From Boyd & Vandenberghe's Convex Optimization, exercise 9.30, we have where $a_i^T$ is a row of the matrix $A$.
$$ \min: f(x) = -\sum_{i=0}^m\log(1 - a_i^Tx) - \sum\log(1-x_i^2) $$
with variables $x \in {\Bbb R}^n$ and $\operatorname{dom} f = \left\{ x \mid a_i^Tx < 1,\: i=1,\dots,m, \: |x_i| < 1, i=1, \dots, n \right\}$.
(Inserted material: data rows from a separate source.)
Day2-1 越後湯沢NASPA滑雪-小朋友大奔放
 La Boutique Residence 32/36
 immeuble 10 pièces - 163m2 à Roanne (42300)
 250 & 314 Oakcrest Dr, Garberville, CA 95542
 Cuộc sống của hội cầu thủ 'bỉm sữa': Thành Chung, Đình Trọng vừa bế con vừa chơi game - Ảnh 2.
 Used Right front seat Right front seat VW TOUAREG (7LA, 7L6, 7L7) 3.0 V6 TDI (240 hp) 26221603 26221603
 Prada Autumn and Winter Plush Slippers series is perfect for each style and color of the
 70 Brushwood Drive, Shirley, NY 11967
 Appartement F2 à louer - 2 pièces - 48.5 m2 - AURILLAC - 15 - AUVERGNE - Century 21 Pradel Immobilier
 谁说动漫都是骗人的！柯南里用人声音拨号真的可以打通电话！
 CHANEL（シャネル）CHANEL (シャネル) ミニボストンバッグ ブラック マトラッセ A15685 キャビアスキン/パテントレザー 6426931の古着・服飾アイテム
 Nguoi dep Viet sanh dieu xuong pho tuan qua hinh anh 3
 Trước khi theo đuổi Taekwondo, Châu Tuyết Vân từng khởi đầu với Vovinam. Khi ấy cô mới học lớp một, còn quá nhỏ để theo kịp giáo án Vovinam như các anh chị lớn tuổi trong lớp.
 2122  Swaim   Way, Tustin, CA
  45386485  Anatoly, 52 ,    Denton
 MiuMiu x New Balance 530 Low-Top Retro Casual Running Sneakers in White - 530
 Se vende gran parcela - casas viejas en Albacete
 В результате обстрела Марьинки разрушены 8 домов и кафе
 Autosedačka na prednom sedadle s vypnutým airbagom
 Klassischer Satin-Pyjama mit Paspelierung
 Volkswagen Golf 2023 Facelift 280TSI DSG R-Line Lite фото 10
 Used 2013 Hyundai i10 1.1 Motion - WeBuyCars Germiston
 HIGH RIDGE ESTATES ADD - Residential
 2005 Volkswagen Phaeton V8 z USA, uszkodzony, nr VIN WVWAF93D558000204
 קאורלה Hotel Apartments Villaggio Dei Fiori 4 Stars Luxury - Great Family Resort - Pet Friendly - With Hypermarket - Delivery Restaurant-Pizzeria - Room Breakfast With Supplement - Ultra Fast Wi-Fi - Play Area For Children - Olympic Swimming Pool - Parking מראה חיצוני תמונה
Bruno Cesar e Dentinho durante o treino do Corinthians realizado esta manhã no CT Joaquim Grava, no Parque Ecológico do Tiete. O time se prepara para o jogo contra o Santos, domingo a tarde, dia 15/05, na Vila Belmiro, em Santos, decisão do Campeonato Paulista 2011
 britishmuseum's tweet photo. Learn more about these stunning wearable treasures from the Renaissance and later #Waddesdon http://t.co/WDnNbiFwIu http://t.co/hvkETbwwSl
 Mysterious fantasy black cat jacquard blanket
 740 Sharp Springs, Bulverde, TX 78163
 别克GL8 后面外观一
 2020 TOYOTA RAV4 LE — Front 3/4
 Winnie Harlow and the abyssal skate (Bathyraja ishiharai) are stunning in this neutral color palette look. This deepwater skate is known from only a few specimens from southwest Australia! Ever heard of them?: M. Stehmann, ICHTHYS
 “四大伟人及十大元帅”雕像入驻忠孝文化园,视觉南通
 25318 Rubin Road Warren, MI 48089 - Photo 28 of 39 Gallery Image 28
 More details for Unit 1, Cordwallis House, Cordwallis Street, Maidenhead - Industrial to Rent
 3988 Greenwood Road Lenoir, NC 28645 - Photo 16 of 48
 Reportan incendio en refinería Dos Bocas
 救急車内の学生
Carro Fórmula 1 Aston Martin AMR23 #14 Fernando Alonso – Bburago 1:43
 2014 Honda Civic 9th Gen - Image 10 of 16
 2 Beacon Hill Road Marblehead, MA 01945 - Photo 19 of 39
I am unable to compute the gradient descent in terms of the matrix $A$. So far, I can compute the derivative of $f(x)$ w.r.t. $x_j$ using chain rule which gives me: $$ \frac{1}{1-a_i^Tx}. a_{ij} - \frac{1}{1+x} + \frac{1}{1-x}$$ and I am not too sure if it's correct. I can sum over the above term getting $A^T$ for the term $a_{ij}$ for the gradient but I am stumped in $\frac{1}{(1 - a_i^Tx)}$
How to obtain $\nabla f(x)$ in terms of the matrix $A$, that is remove the $\sum$ term. Also, how to express $f(x)$ in terms of $A$ if possible?
Let's introduce some notation for the elementwise/Hadamard and trace/Frobenius products $$\eqalign{ A &= B\odot C &\implies A_{ij}=B_{ij} C_{ij} \cr \alpha &= B:C = {\rm tr}(B^TC) &\implies \alpha = \sum_{i,j}B_{ij} C_{ij} \cr }$$ And for Hadamard division: $D=\frac{B}{C}\implies D_{ij}=\frac{B_{ij}}{C_{ij}}$
For typing convenience, let's define the vector variables $$\eqalign{ w &= (1_n-x\odot x) &\implies dw = -2x\odot dx \cr y &= (1_m-A^Tx) &\implies dy = -A^Tdx \cr u &= \frac{1_n}{w},\,\,\,\,\,v = \frac{1_m}{y} \cr }$$ where $1_p\in{\mathbb R}^p$ denotes a vector of all ones.
Using elementwise evaluation of the $\log$ functions, we can write down your function and find its differential and gradient $$\eqalign{ f &= -1_m:\log(y) -1_n:\log(w) \cr df &= -1_m:\frac{dy}{y} -1_n:\frac{dw}{w} \cr &= -v:dy -u:dw \cr &= v:A^T\,dx + u:(2x\odot dx) \cr &= (Av + 2x\odot u):dx \cr \frac{\partial f}{\partial x} &= Av + 2x\odot u \,\,\,=\,\, A\bigg(\frac{1_m}{1_m-A^Tx}\bigg) + \frac{2x}{1-x\odot x} \cr }$$ To find the optimal value, you must set this gradient to zero and solve for $x$. You could derive a simple iterative process like $$\eqalign{ 2x\odot u &= -Av \cr x_+ &= -\frac{1}{2}w\odot(Av) \cr }$$ or use the gradient in a more sophisticated conjugate gradients algorithm.